Herman bergidik mendengar penjelasan panjang Cindy. Bukan urusannya kalo sekretaris nya itu belum punya pacar apalagi calon suami. GAK MINAT, pikirnya.
"Bapak, kenapa, Pak?" Cemas Cindy melihat atasan nya setelah Darren itu bergidik jelas terlihat di matanya.
"Kebelet." Jawab asal Herman.
"Ya, udah, Pak ke toilet dulu. Gak baik nahan pipis. Salah satu penyebab gagal ginjal menurut informasi yang saya dengar itu akibat sering nahan buang air."
Herman Lagi-lagi bergidik mendengar penjelasan tentang gagal ginjal. Amit-amit cabang bayi. Herman tidak sampai mengetuk-ketuk jarinya ke benda terdekat.
"Ayo, Pak! Belum telat kok kita." Cindy refleks menarik lengan Herman.
"Apa-apaan kamu, Cindy?" Herman menghempas cekalan dilengannya.
Cindy yang bebal kembali mengapit lengan Herman. "Ke toilet, Pak. Ayo!"
Setelah mendengarkan maksud Cindy Herman, menghempas cekalan lengannya dengan lembut. Tidak tega, melihat perhatiannya tadi. "Udah hilang kebelet nya." Bohong Herman.
"Serius, Pak? Padahal saya gak papa loh nunggu bapak ketoilet."
"Nunggu bapak sampai ajak saya ke pelaminan saya sanggup." Cicit Cindy malu-malu.
"APA?!!" Shock Herman sedikit mendengar cicitan Cindy. Terdengar kata pelaminan. Apa maksudnya? Pikirnya.
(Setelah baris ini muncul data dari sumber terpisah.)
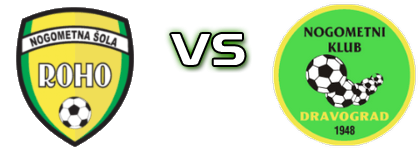 Roho VBO - Dravograd head to head game preview and prediction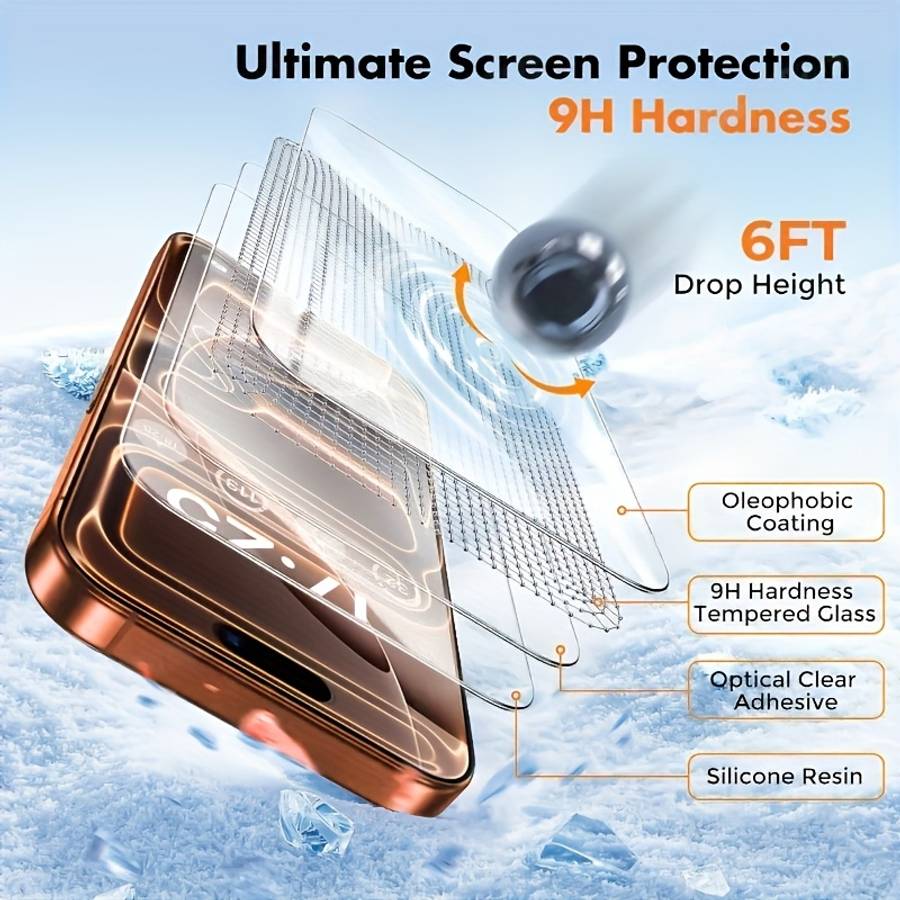Screen Protector Compatible Model Iphone 13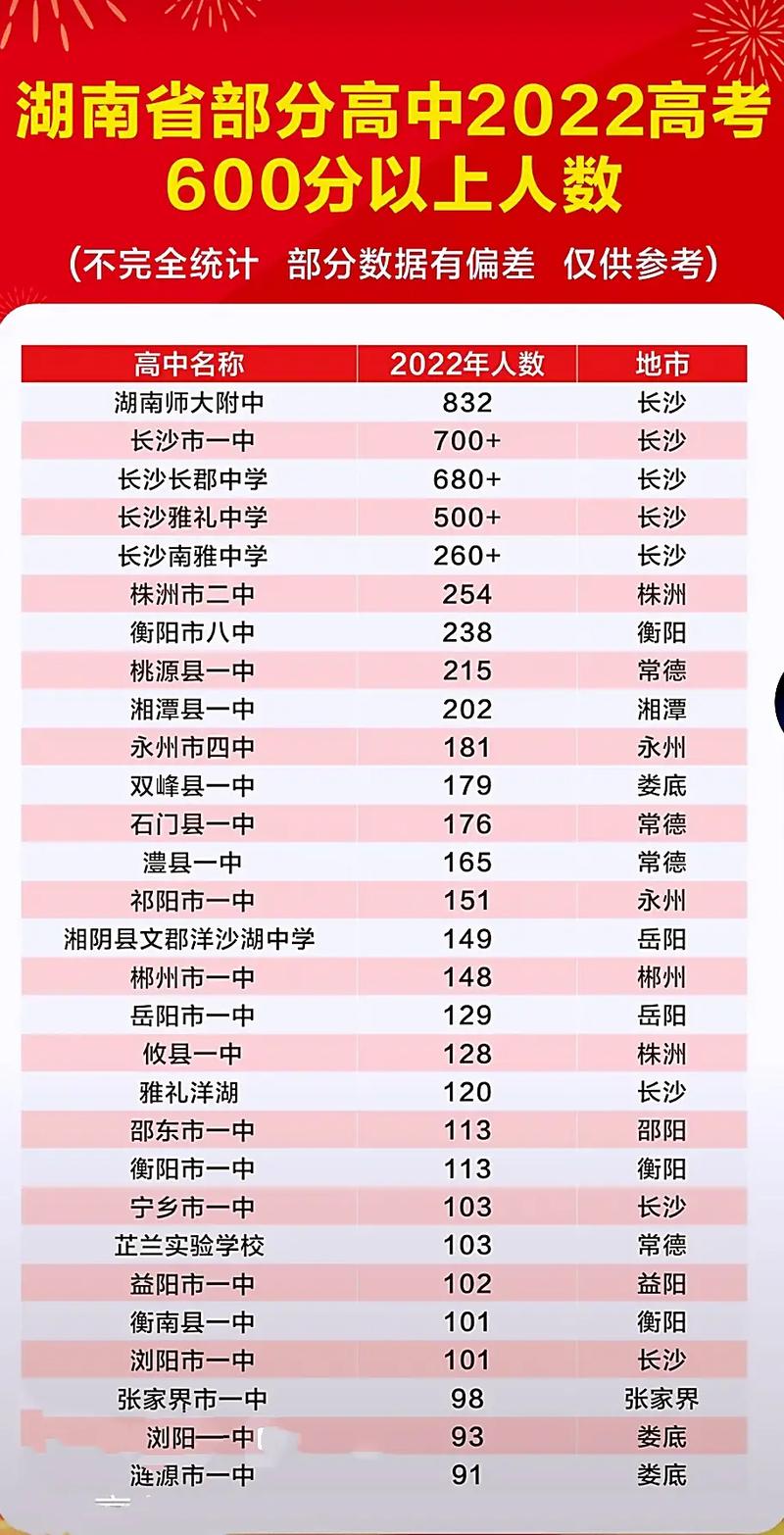 湖南高考成绩排名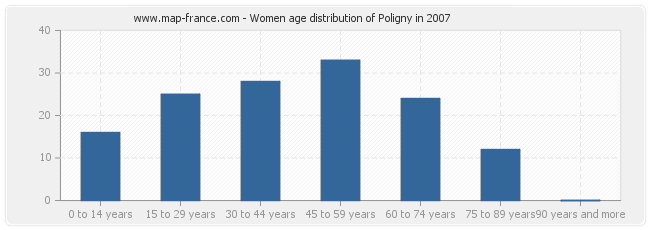 Women age distribution of Poligny in 2007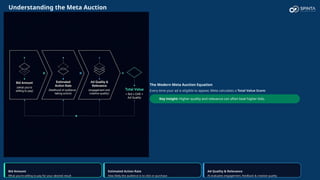 Bid Amount
What you're willing to pay for your desired result
Estimated Action Rate
How likely the audience is to click or purchase
Ad Quality & Relevance
AI evaluates engagement, feedback & creative quality
Understanding the Meta Auction
The Modern Meta Auction Equation
Every time your ad is eligible to appear, Meta calculates a Total Value Score:
Key insight: Higher quality and relevance can often beat higher bids.
 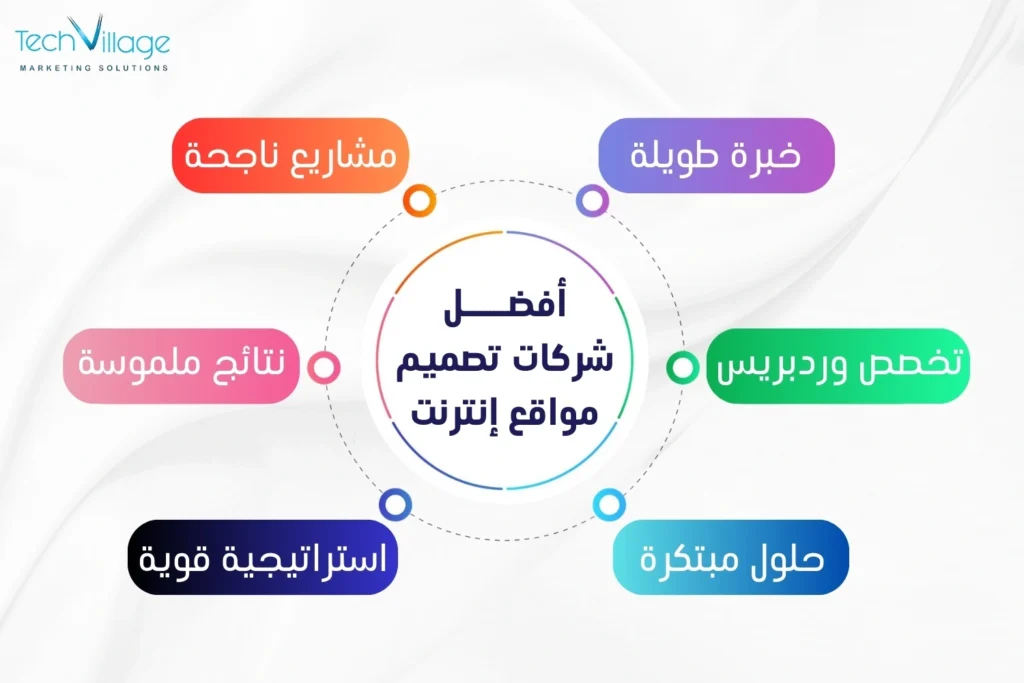 أفضل شركات تصميم مواقع انترنت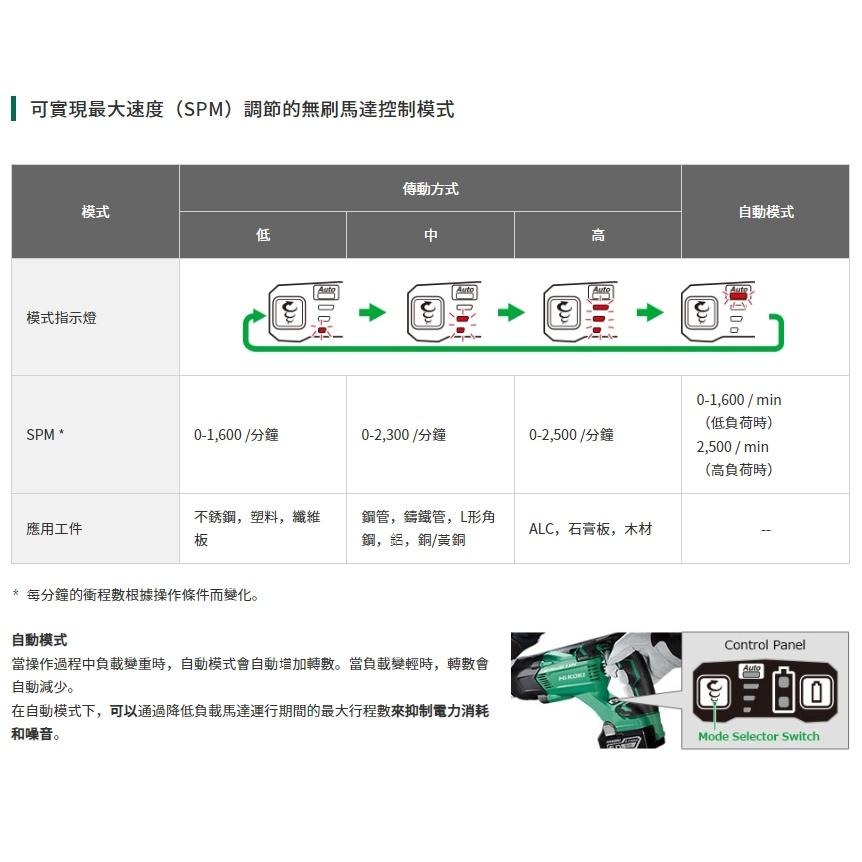 【台北益昌】  HIKOKI 雙電5.0AH 18V 無刷 水平線鋸機（軍刀鋸）CR18DBL 公司貨-細節圖3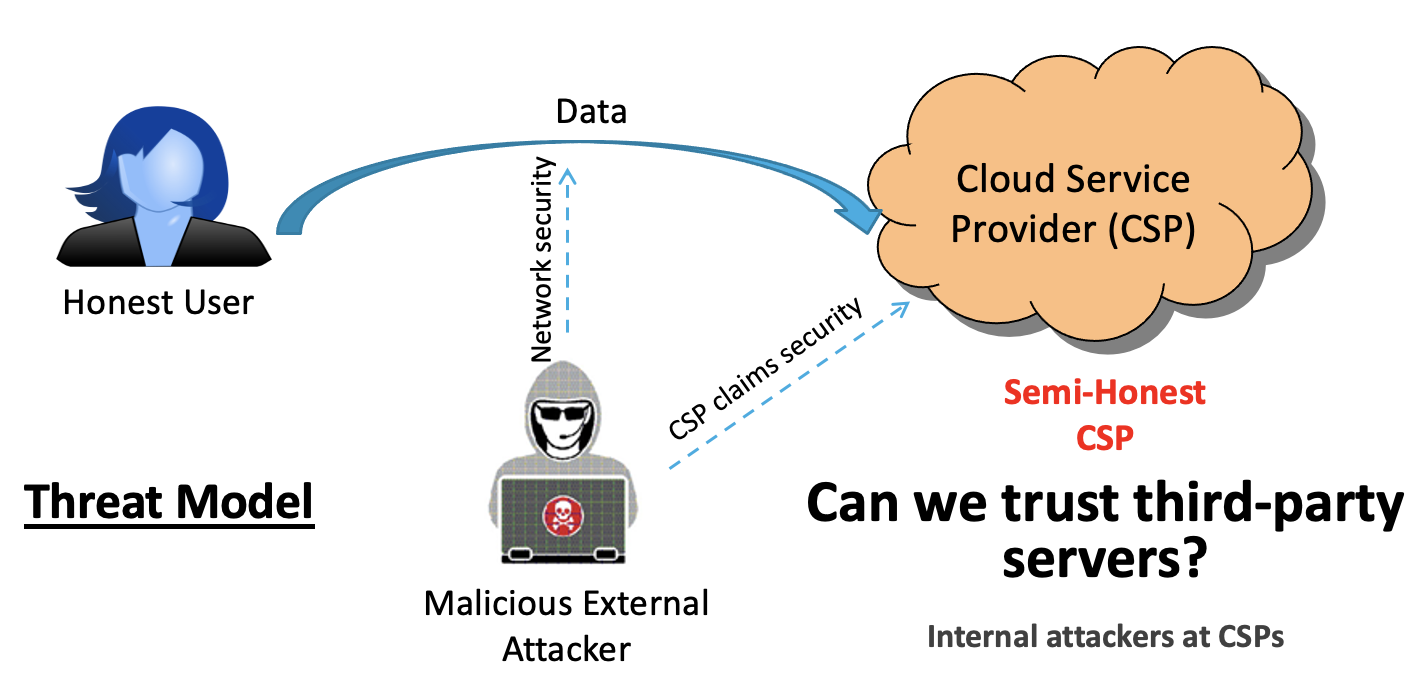 securecsuite picture
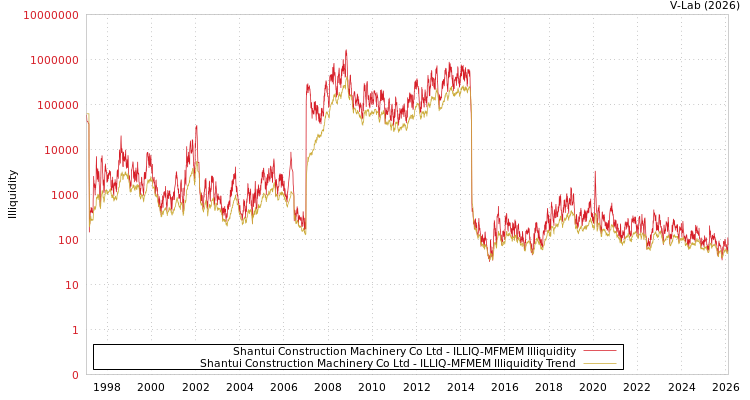 graph of Shantui Construction Machinery Co Ltd ILLIQ-MFMEM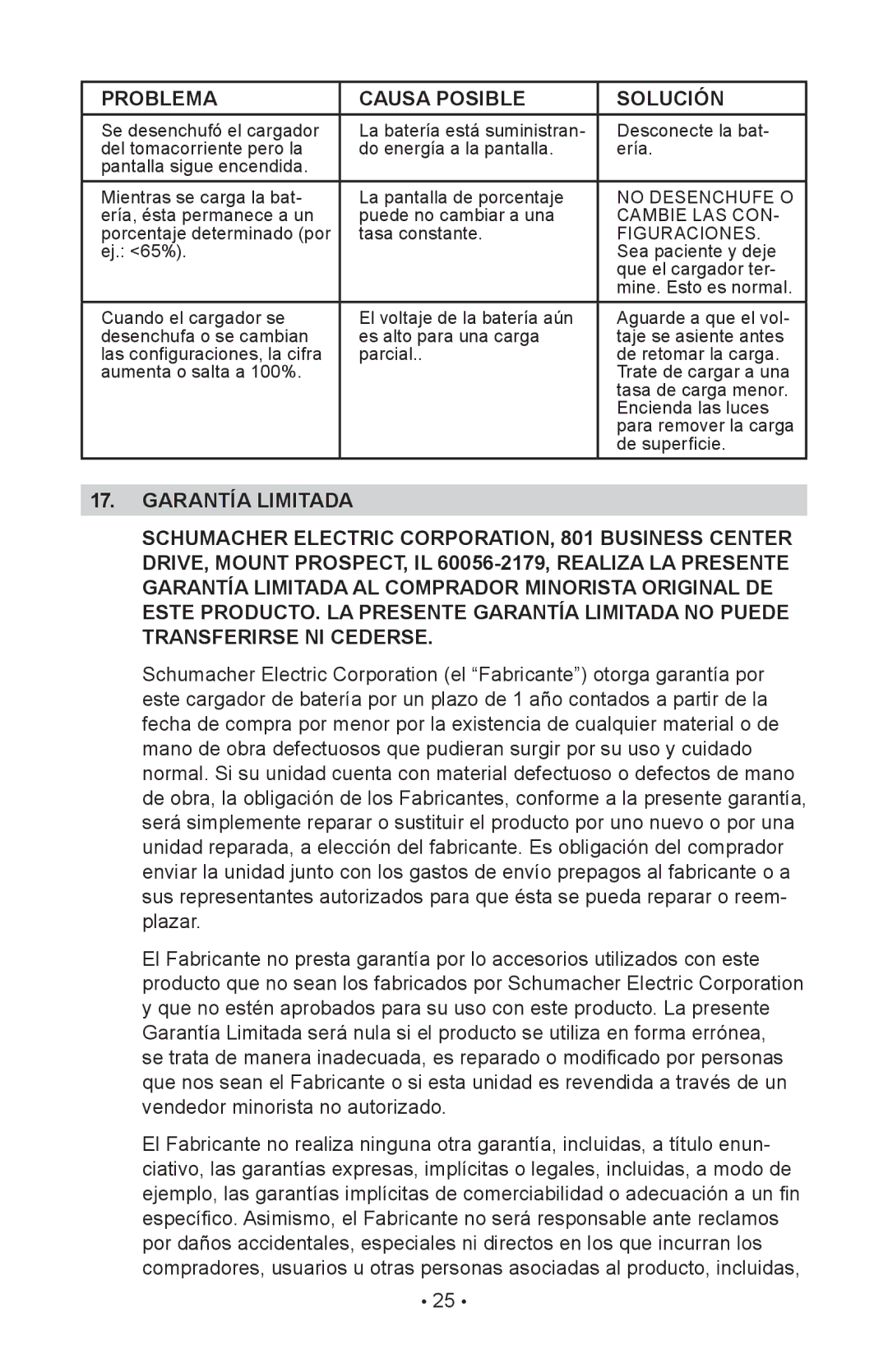 Schumacher 00-99-000943, NIN-812A, 94085894 owner manual Problema Causa Posible Solución, Cambie LAS CON 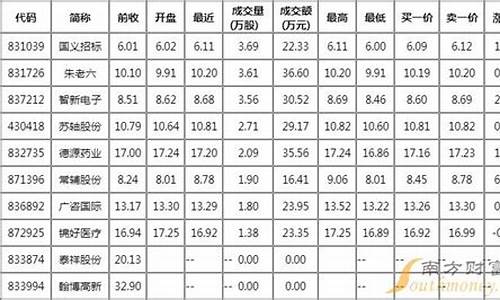 证券公司指数代码查询(证券指数 代码)_https://www.xzdzcjx.com_科创板_第1张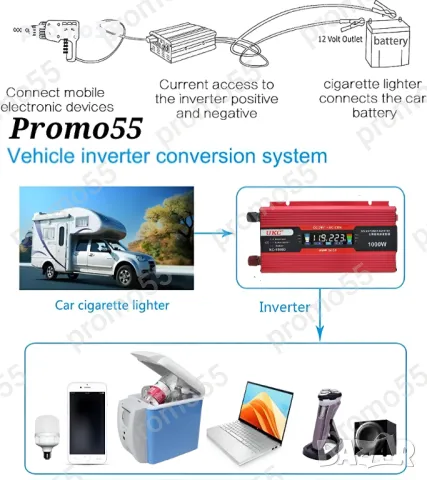 Инвертор 12-220V 500W UKC с дисплей, снимка 9 - Аксесоари и консумативи - 49022287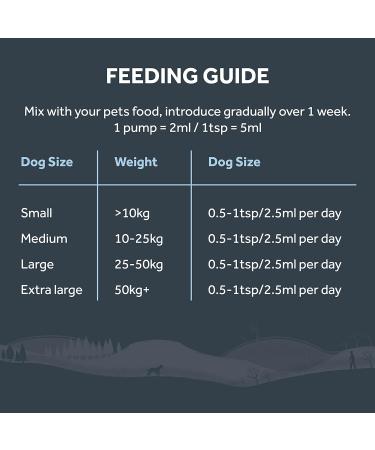 Wilsons Salmon Oil for Dogs UK - 100% Natural Joint Health Supplement Omega 3 6 9 - Adult Dogs & Puppies 2 Months+ - 1L - Buy Online on GoSupps.com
Herman sekuat tenaga menahan bergidik. Jangan sampai triple bergidik. Bisa-bisa ada drama Cindy memaksa dia ke toilet. Mungkin dengan menyeretnya. Terasa tenaga Cindy yang lumayan kuat tadi.
"Ayo, cepat! Jangan sampai Tuan Darren melihat kita masih dikantor." Herman segera memasuki lift begitu sampai didepan pintu lift dengan terlebih menekan tanda turun terlebih dahulu.
Sementara itu diruangan Darren. Darren tampak berbinar menatap lunch box milik Herman yang terpaksa diletakkan diruangannya.